Limitations & Future Work

  • Ablation strength was limited by computational constraints (smaller batches/iterations).
  • No-reference metrics (NIQE/BRISQUE) are designed for natural images and may be unreliable for remote sensing.
  • RTDM prediction accuracy (71%–80%) remains the bottleneck for closing the gap with Oracle performance.
  • Inference is slightly slower than FaithDiff (9.0s vs 7.8s) due to RTDM prediction and alternating sampling overhead.
  • vs FaithDiff / PASD: These apply uniform restoration; Ours uses RTDM for spatial adaptation, yielding better LPIPS/DISTS and user preference with fewer trainable parameters.
  • vs ResShiftL / SRDiff: These lack pre-trained generative priors; Ours leverages SDXL for superior detail synthesis.
  • vs Real-ESRGAN (GAN-based): GANs suffer from mode collapse; diffusion with RTDM provides better structural consistency and realistic detail.

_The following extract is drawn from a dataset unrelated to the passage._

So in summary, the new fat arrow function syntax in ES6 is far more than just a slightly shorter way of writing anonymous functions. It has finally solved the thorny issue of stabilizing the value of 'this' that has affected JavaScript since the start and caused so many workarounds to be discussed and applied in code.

  • vs Multi-ControlNet: Ours uses MiniControlNet (20M params) to fuse multi-conditions, adhering to the efficiency of ControlNext.

Rating

  • Novelty: ⭐⭐⭐⭐ Explicitly modeling the unique texture imbalance of remote sensing into a triple-threat RTDM strategy is highly innovative.

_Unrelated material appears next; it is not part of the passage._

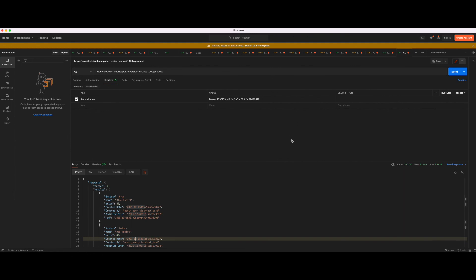That's basically it regarding a simple application for creating data and getting data from your Bubble application using API calls. There's a few more things you can do. For example, if you want to retrieve data, you can apply filters. I would recommend looking at the Bubble documentation, but I think this tutorial acts as a good starting point. From there on, it's quite simple to add some filters and go a bit more into the depth of the Bubble Data API. So thank you for watching and see you guys in the next tutorial. Bye.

  • Experimental Thoroughness: ⭐⭐⭐⭐ Extensive testing across 5 datasets and downstream tasks, though ablations had some computational compromises.
  • Writing Quality: ⭐⭐⭐⭐ Clear motivation-method-experiment chain with excellent diagrams.
  • Value: ⭐⭐⭐⭐ The concept of spatially-adaptive generation based on texture density is transferable to other heterogeneous super-resolution tasks.